La lutte de Zebercet, le personnage du roman « Anayurt Oteli » de Yusuf Atılgan, contre l’absurdité est-elle un indicateur d’une quête existentielle ou d’un abandon ?

Zebercet dans le roman Anayurt Oteli de Yusuf Atılgan n’est ni un sujet en pleine recherche ni une figure consciemment abandonnée sur le plan existentiel ; Sa vie est plutôt un état d’existence figé entre deux extrêmes, coincé dans une attente passive. Sa lutte contre l’absurdité, considérée d’un point de vue philosophique, peut être lue comme un état de conscience qui oscille entre le désespoir de Kierkegaard, l’angoisse de Heidegger, l’absurde de Camus et la conscience maudite de Sartre par la liberté, mais qui ne peut s’accrocher pleinement à aucun d’entre eux.

Selon Søren Kierkegaard, le désespoir est « l’incapacité ou le refus d’être soi-même ». La vie de Zebercet répond à cette définition. Son quotidien est l’indice d’une existence qui se dissout dans les répétitions. Elle ne peut ni s’enraciner dans le passé ni développer une imagination pour l’avenir. Son existence se limite au présent seulement. Ce que Kierkegaard appelait une « maladie mortelle » grandit silencieusement à l’intérieur de Zebercet : un manque de courage à être lui-même, une cécité existentielle.

Dans Être et Temps, Martin Heidegger définit l’essence du « Dasein » comme un être capable de réfléchir sur sa propre existence. Selon lui, l’homme est un « être-vers-la-mort » et avec cette conscience il peut établir sa propre vie authentique. Cependant, Zebercet ne possède pas ce potentiel. Même son rapport à la mort est un effacement qui provient d’un lent effondrement intérieur, loin de la conscience. La forme d’existence que Heidegger appelle « das Man », perdue dans l’ordinaire et la socialité, trouve une incarnation différente dans l’étrange solitude de Zebercet : une conscience qui est seule avec elle-même mais ne peut rien dire d’elle-même.

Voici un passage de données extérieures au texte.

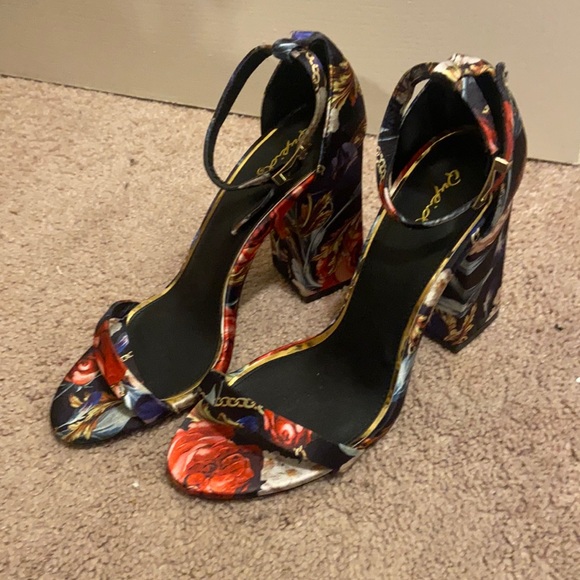 Satin Floral Single Band Ankle Strap Block Heels - Picture 3 of 6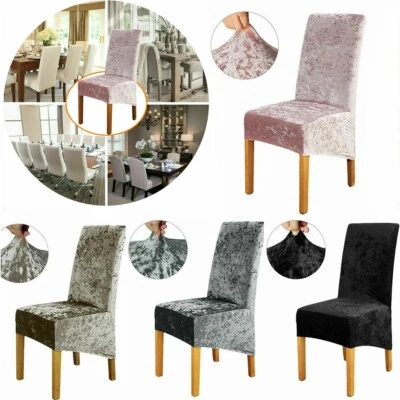4/6Stk Stretch Samt Esszimmerstuhl Sitzbezug Atmungsaktiv Stuhlhussen Home Dekor - Bild 1 von 4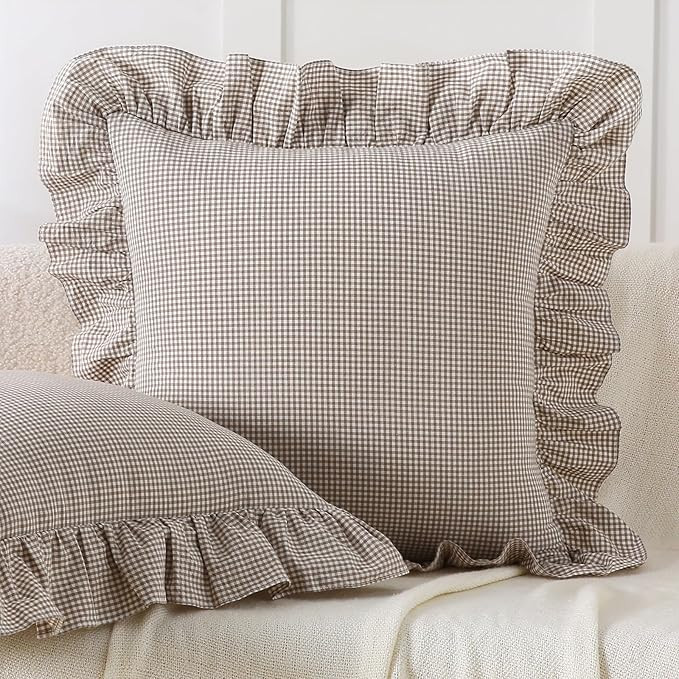 Aryeleay 2 Pack Brown White Plaid Gingham Ruffle Pillow Shams, 100% Washed Cotton Checkered Farmh... | Amazon (US)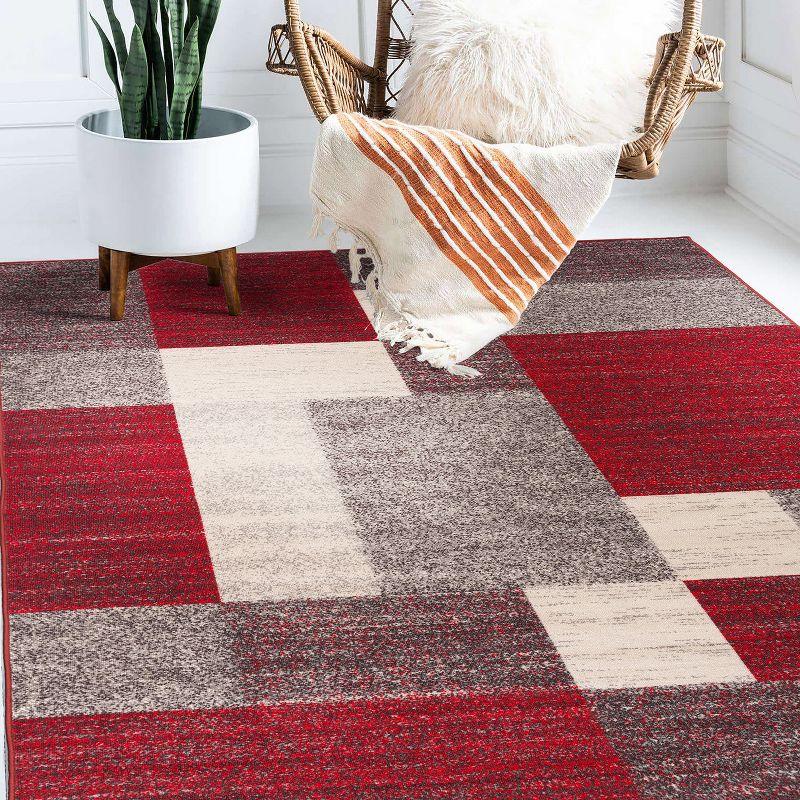 World Rug Gallery Modern Boxes Design Non-slip (Non-skid) Red 7'10" x 10' Area Rug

Vue à travers la philosophie « absurde » d’Albert Camus, la situation de Zébercet coïncide avec la fracture du désir de sens de l’homme face au silence de l’univers. Dans Le Mythe de Sisyphe, Camus affirme que faire face à l’absurde n’est possible qu’en portant cette situation à la conscience : « L’Absurde est le face à face entre l’homme et le monde. » Mais Zebercet ne peut pas provoquer cette confrontation ; Pour lui, l’absence de sens n’est pas une prise de conscience mais un effondrement. Camus dit qu’il y a trois façons de faire face à l’absurde : le suicide, l’acte de foi ou la rébellion. Le suicide silencieux de Zebercet est le plus passif de ces trois chemins ; elle ne peut ni transcender l’absurde ni lui résister.

Jean-Paul Sartre soutient que l’homme est « condamné à la liberté » et dit : « l’homme est ce qu’il fait de lui-même ». La conception de la liberté selon Sartre inclut la responsabilité de l’individu à créer du sens à travers ses actions. Cependant, Zebercet ne supporte pas cette liberté. Sa passivité est ce que Sartre appelle une « conscience de mauvaise foi » : une attitude de l’être qui nie sa propre liberté et échappe à sa responsabilité.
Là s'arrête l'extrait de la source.